## Input for this task
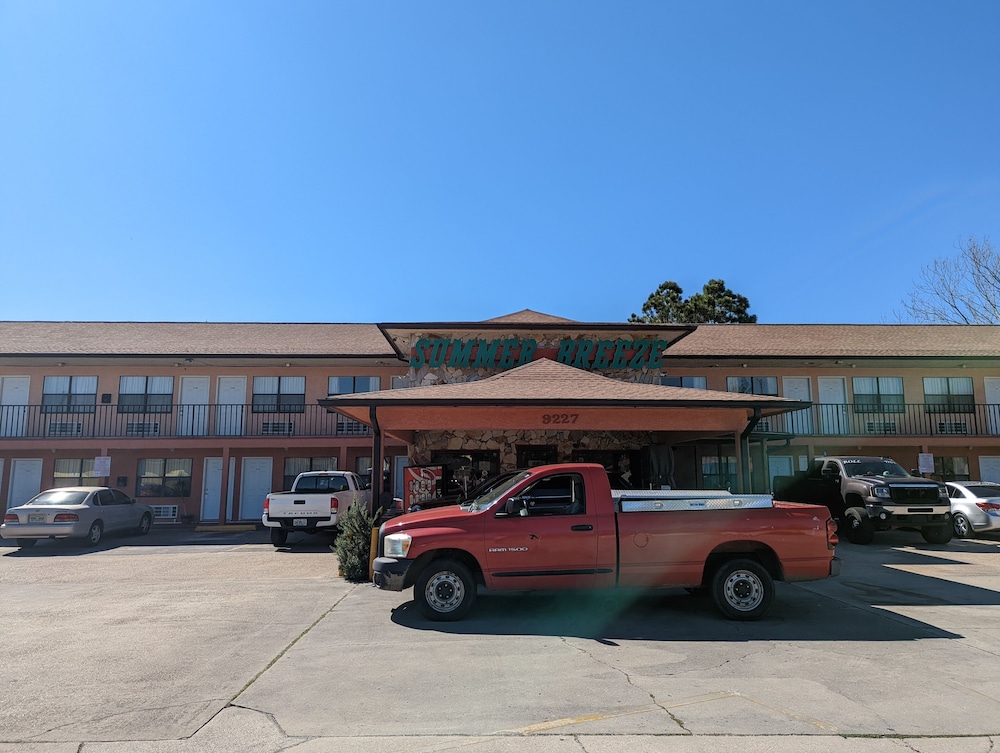 Summer Breeze Motel - photo 46
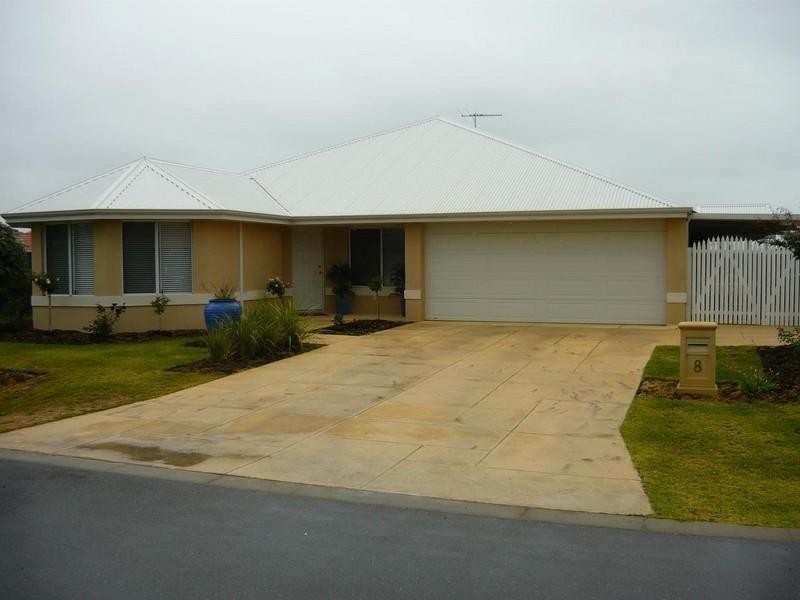 8 Sandalwood Avenue, Byford WA 6122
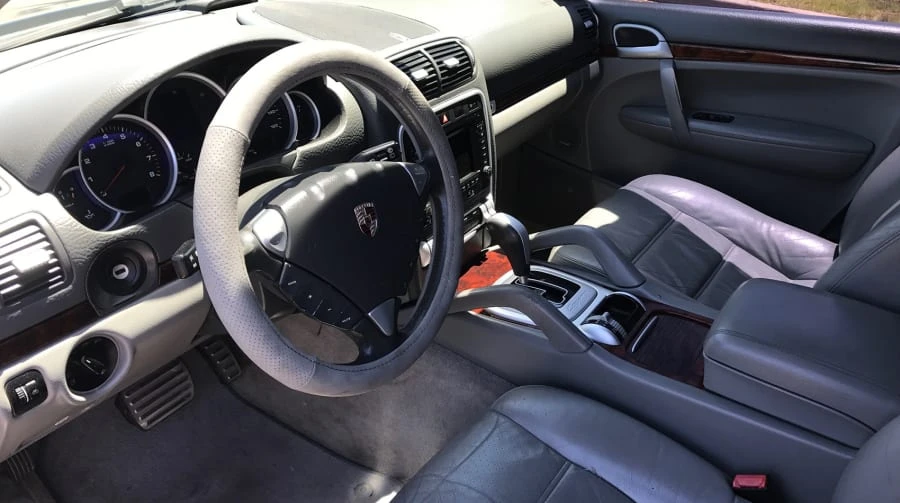 2003 Porsche Cayenne - Image 4 of 5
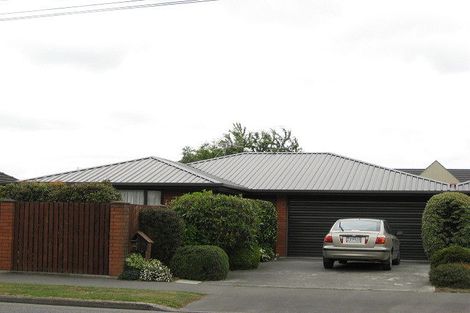 Photo of property in 2/84 Withells Road, Avonhead, Christchurch, 8042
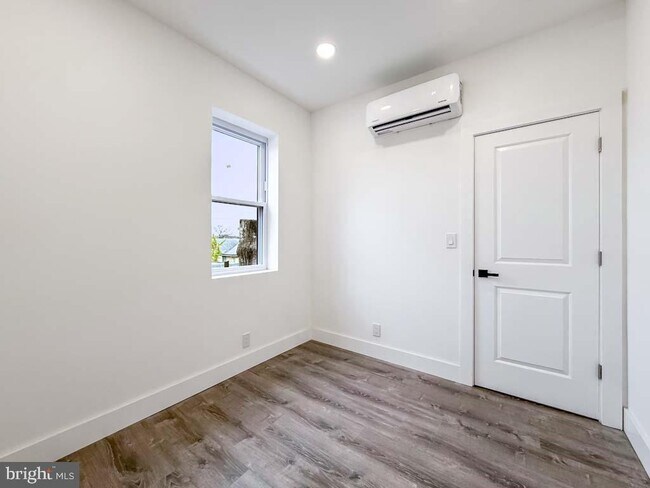 Building Photo - 30 Haddon Ave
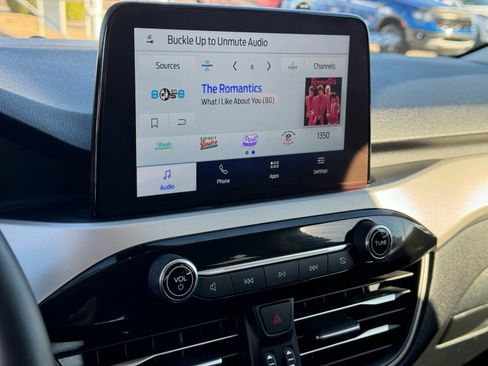 Used 2022 Ford Escape SEL image 25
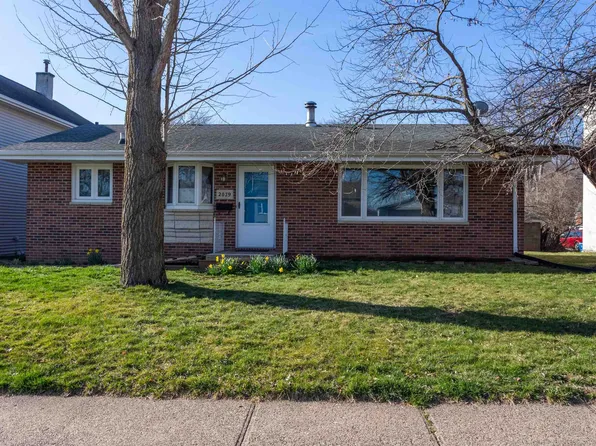 2079 Garfield Ave, Dubuque, IA 52001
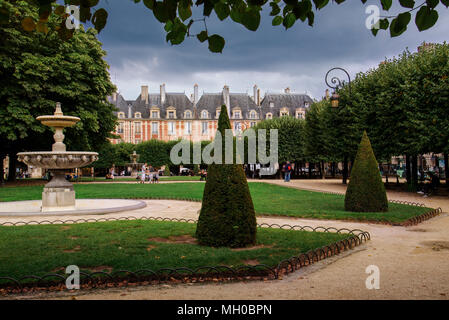 Place des Vosges dans le quartier du Marais Banque D'Images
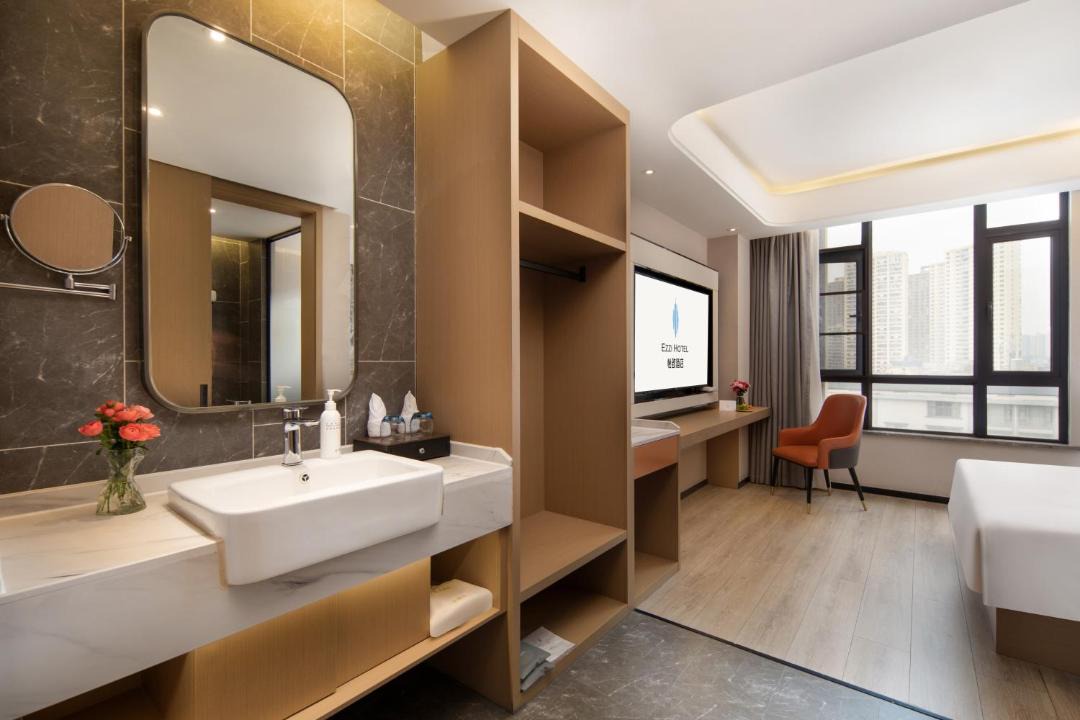 Photo of Bathroom in Liqi
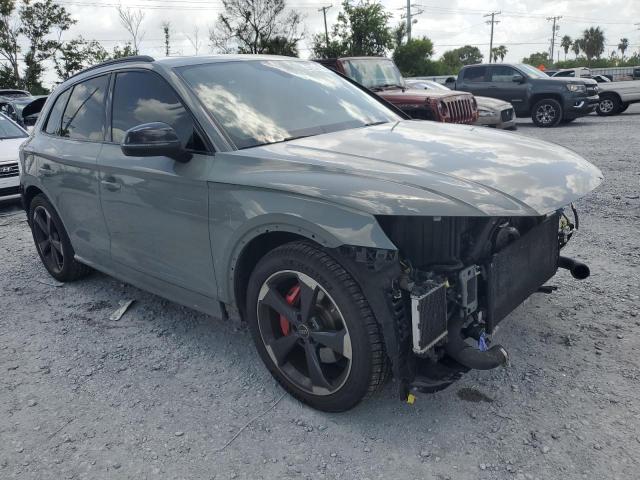 WA1C4AFYXK2041676 - 2019 AUDI SQ5 PRESTIGE GRAY photo 4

## Problem to solve
So that the copy stays exact, reproduce each record word for word and leave its images out.

## Your response
 Summer Breeze Motel - photo 46
 8 Sandalwood Avenue, Byford WA 6122
 2003 Porsche Cayenne - Image 4 of 5
 Photo of property in 2/84 Withells Road, Avonhead, Christchurch, 8042
 Building Photo - 30 Haddon Ave
 Used 2022 Ford Escape SEL image 25
 2079 Garfield Ave, Dubuque, IA 52001
 Place des Vosges dans le quartier du Marais Banque D'Images
 Photo of Bathroom in Liqi
 WA1C4AFYXK2041676 - 2019 AUDI SQ5 PRESTIGE GRAY photo 4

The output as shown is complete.